And has it followed me to France, I wonder? After a whirlwind February break (Paris, Amsterdam, London, and a 48-hour intestinal bug all in a week) it felt really, really nice to throw myself down on a chair in Montpellier's airport to wait for the bus to the tram station and be someplace both familliar and still exciting. I won't be tearing up my return plane ticket and asking my parents to ship my things to my 34000 address (The french consulate, my family, my wallet, etc. probably wouldn't support this decision anyway - but that crepe-maker in Paris who suggested I live with him would be totally pumped) but there is no way I will ever, ever forget this place.

Sunday, February 22, 2009

What a strange life this is

Minutes ago, I was downstairs in the apartment at the kitchen table, eating some quiche Lorraine that Michèle had left Sakura and I for dinner. I was half-reading, half-digesting, and half-listening to Sakura and her friend speak in rapid Japanese on the couch nearby and it just occurred to me how nice and strange the moment was, to have just returned home from a week travelling to other countries, to be tired and eating good food in a French apartment listening to my Japanese flatmate speak. It just felt like little points on some map of my life came together, like it was something I would think about when I have long gray hair to put up in clips and lots of time to stare out windows and think about my life.

Tuesday, February 10, 2009

Comment on dit...

I feel like in between trying to translate everything in my thoughts and words from English to french and back again, I'm forgetting what I'm actually trying to say. I feel like I can't remember the right way certain tenses of English verbs go, and I stare at words I've written, wondering if it makes sense. Twenty years of one language and I feel like a beginner again.
And french can come and go just as easily. If I wake up and check my e-mail and the myriad of English-language, time-sucking Web sites at my disposal, I can hardly walk outside and respond to a simple question in French, or ask my host mom how she's doing.

But in any case, there's no longer time to think about things like this (see? I feel like my sentences are awkwardly over-formal or something) because the sun is shining, and I've got two hours before my translation class to lay outside.

Oh, and I went to the Dali museum in Figueres on Sunday, it was really cool. Dali designed certain works for the museum especially and the whole place is just a surreal haven of his ridiculousness.

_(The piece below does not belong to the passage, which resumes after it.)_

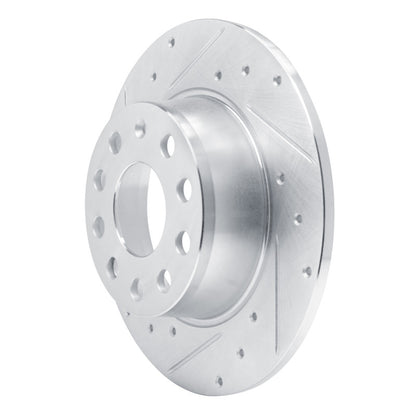 R1 Concepts R1 17-25 Audi Q2 (Mexico) Rear Left Drilled & Slotted Silver Brake Rotor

Seriously, one of the coolest artists ever. And the famous picture of the melted clocks, "The Persistance of Memory," was there on loan from the MoMA, another one of my favorite museums. I'll put up pictures soon!

Saturday, February 7, 2009

Chai Tea and Talkin' French

Yesterday I went to Book in Bar, an English-language bookstore in Montpellier where they have English-French conversation exchange nights every two weeks. I was a little nervous to go, and incredibly tired from a three-hour politics class in the morning and celebrating two friends' birthdays the night before, but I'm so glad I did!

The bookstore is adorable, a worn chair of a building: it's hidden on an older, pedestrian-only street and the inside smells like tea and used books. There are a few tables scattered about; books in titles of every category spill out of shelves, begging to be leafed through. The French-English conversation was loose and casual - mostly adults and a few American students I knew from class, switching (mostly) seamlessly between the two languages. I chatted with a French 27-year-old woman named Natalie for a while, she was nice! I was just excited to actually be talking with a French person outside of my apartment; all my legitimate conversations up until now had been with my host mom and my American friends (who I try to speak French with - somtimes! But it's difficult to always do that). When the store closed and the group separated, everyone was smiling, content, happily wishing everyone else une bonne soiree.

On top of chatting with really lovely people for two hours, I drank chai tea served in a really adorable teapot. Needless to say, I'll be coming back.

Wednesday, February 4, 2009

Smelled like spring again




1. I saw these firemen (pompiers) on strike today at the Place de la Comedie, which is Montpellier's main pedestrian square. France has strikes a lot, so I guess these guys were feeling relaxed about it: I guess they figured their truck (grève means strike) spoke for itself, so they took a couple of cafe tables & chairs to just soak up the day.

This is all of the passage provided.